以前、このお役立ち情報でも紹介しましたが、ご承知のように、戦後の1947年から49年のベビーブームに生まれ、日本の高度経済成長を支えた団塊の世代は今年から、定年の60歳を迎えます。2007年問題は日本経済や企業にとってチャンスなのかピンチなのか。団塊の大量退職がもたらすさまざまな現象を、今一度探りたいと思います。
今回は、“団塊退職その後”についてお伝えしたいと思います。

民間調査機関の多くは、団塊世代が今後3年間に受け取る退職金を50兆円前後と見込んでいます。資金獲得競争では、団塊世代との接点をいかに作るかがポイントとなります。入社、結婚、住宅購入と、サラリーマンのライフサイクルに合わせて顧客獲得を狙う銀行にとって、定年退職は最後のビックチャンスになるからです。電通が昨年12月実施した退職金に関する意識調査によると、団塊世代が退職金を最初に預けるつもりなのは普通預金(50%)や定期預金(42%)であり、回答者の77%はいずれ別の金融機関や金融商品に移すと答えています。

金利優遇などで資金を集めても、団塊マネーは移ろいやすい傾向があります。すなわち、優れた商品を出して、顧客を本当に大切にするというイメージをいち早く確立できたところが団塊マーケットを制すると思われるからです。団塊世代が、ゆとりある第二の人生を過ごすために、どのような資金プランを提案するか。金融機関にとって知恵の見せ所となるでしょう。

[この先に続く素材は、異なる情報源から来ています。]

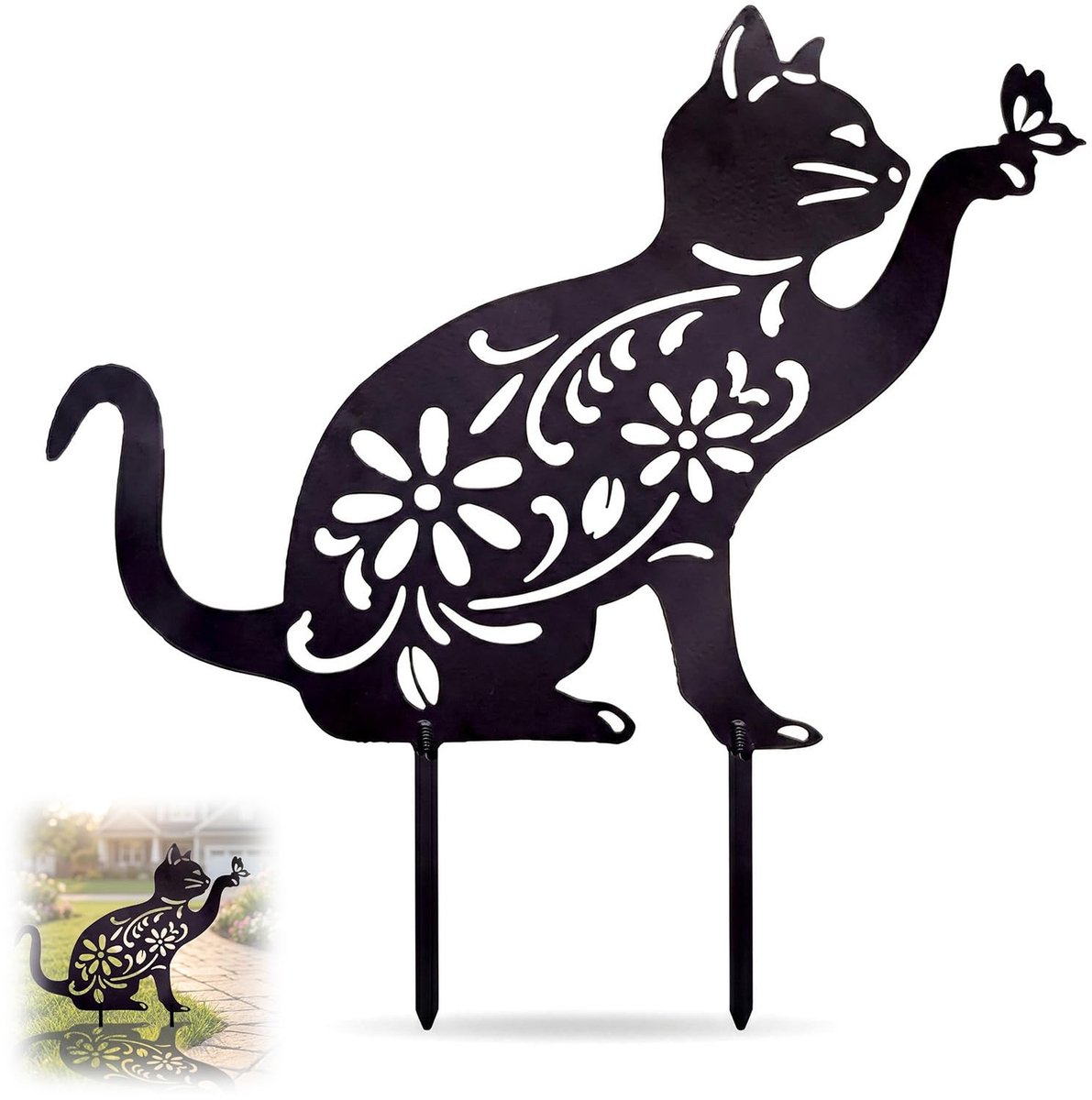 Omgoods - Metalen Tuinornament Kat Vorm Statue voor Buiten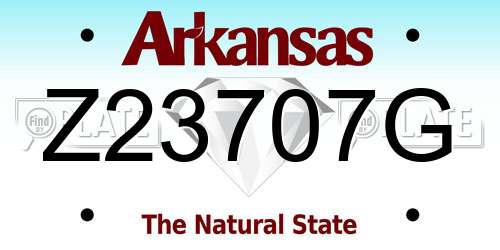 Z23707G Arkansas License Plate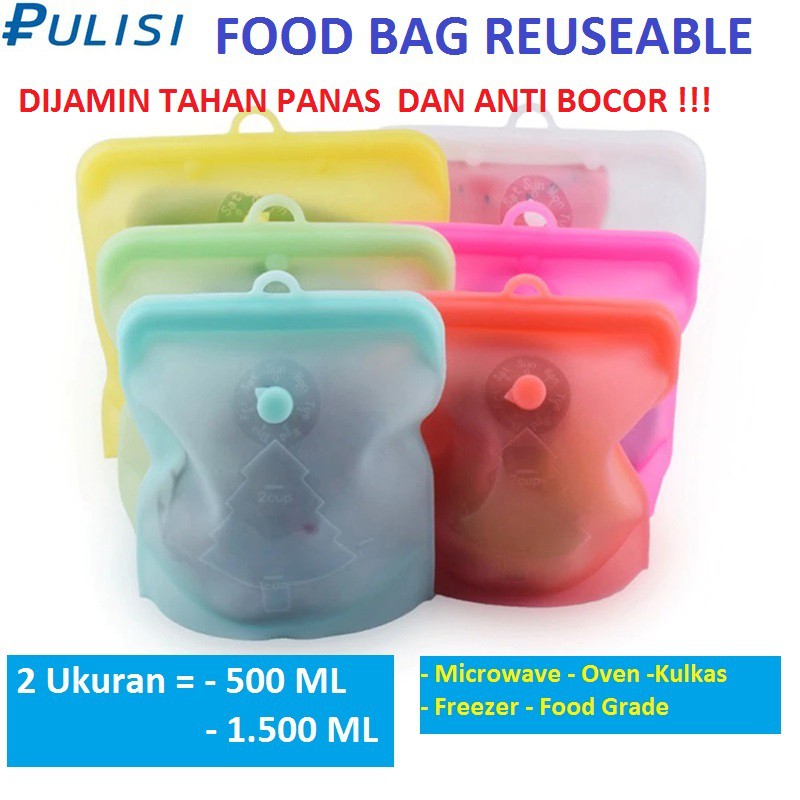 PULISI Kantong Plastik Makanan Silicone Food Bag Reuseable Leakproof / Tempat Makan / Food Bag / Kantong Makanan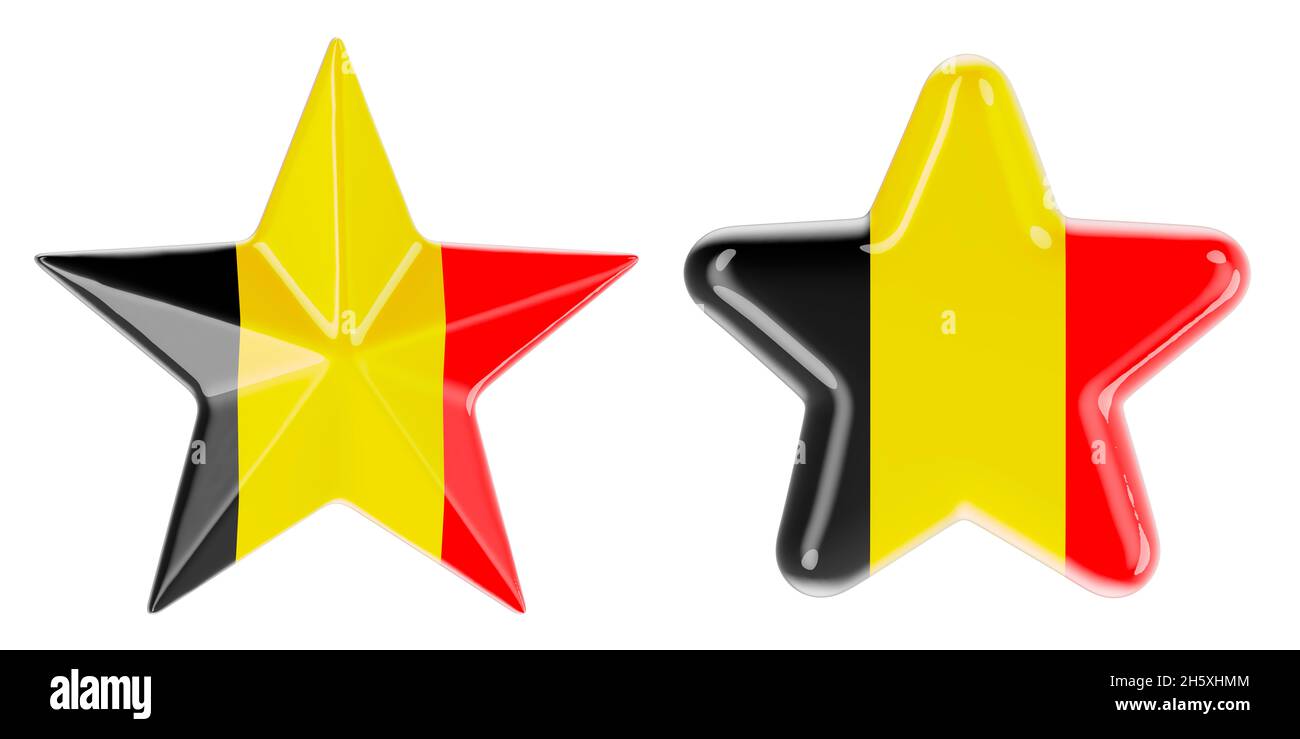 Stars with Belgian flag, 3D rendering isolated on white background ...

一方、定年退職からのセカンドライフについて考えると、この時間は約7万時間と言われていますが、一日のうち家事や睡眠などに費やす「日常生活時間」14時間を除いて、団塊世代が定年から80歳までに、自由に使える時間の合計となります。

豊富な「自由時間」を得る団塊世代に、企業は熱い視線を送っています。本命と見られるのが旅行です。団塊退職は消費を7.8兆円押し上げる効果があり、旅行だけで1.1兆円と推測されます。

また、豊かな老後には、健康面の安心も欠かせません。ある商社は、全国でも珍しい総合病院併設の分譲マンションを開発しており、介護や医療関係の資格を持つ管理人も24時間常駐させています。

しかし、企業が期待するほど、団塊世代の消費は盛り上がらないとの見方もあります。大手証券会社は、今後3年で約50兆円と見込まれる団塊退職金のほとんどは住宅ローンなどの返済や金融資産に回り、退職後1年で消費に使われるのは1割にとどまると予測しています。56〜60歳の世帯で1年前より消費が増えた世帯は18%と、全世帯平均の31%を大きく下回ります。団塊世代の消費について、退職記念で一点豪華主義に走る人はいると思われますが、普段は堅実で、財布のヒモは意外に固いだろうと推測されます。

さらに、消費に占める60歳以上の高齢者世帯の割合は07年から急上昇を始め、06年の34%台から12年には39%超になると推測されます。高齢者世帯の割合が高くなりすぎると、消費全体にマイナスとなります。団塊世代の大量退職は、10年初めまでは追い風になりますが、その後は一転して景気を押し下げる方向に作用する公算が大きくなるでしょう。シニア向け商品の開発など目先の需要への対応だけでなく、海外市場の開拓など「2007年問題」の後を見据えた企業戦略が求められています。

先を見ると労働力の減少にも注視が必要となります。あるシンクタンクは、「高齢者の再雇用が進まないと、日本の労働力人口の減少数は07年の33万人から拡大を続け、12年と13年に46万人のピークを迎える」さらに、内閣府は、「労働力の減少が10年度から10年間の経済成長率を、毎年0.7〜0.9ポイント押し下げる」としており、これらのことから人手不足による経済成長の鈍化を防ぐには、高齢者や女性を働き手として活用する必要が不可欠であると思われます。

もとより、団塊世代の大量退職は、日本人の働き方を大きく変えようとしています。
ある電気メーカーは、定年延長制度を導入しましたが、実際に定年を延長した社員は04年度まで毎年2〜5%とごくわずかでした。原因は、社員アンケートにより60歳以降の給与が定額制で差が付かないなど、硬直的な処遇への不満が強く現れていたことにありました。その結果、「人員は確保したいが人件費は抑える、そのような、会社の都合だけを考えた制度はうまくいかない」との反省から、昨年6月に60歳以降も成果に応じて給与に差を付ける制度に改めました。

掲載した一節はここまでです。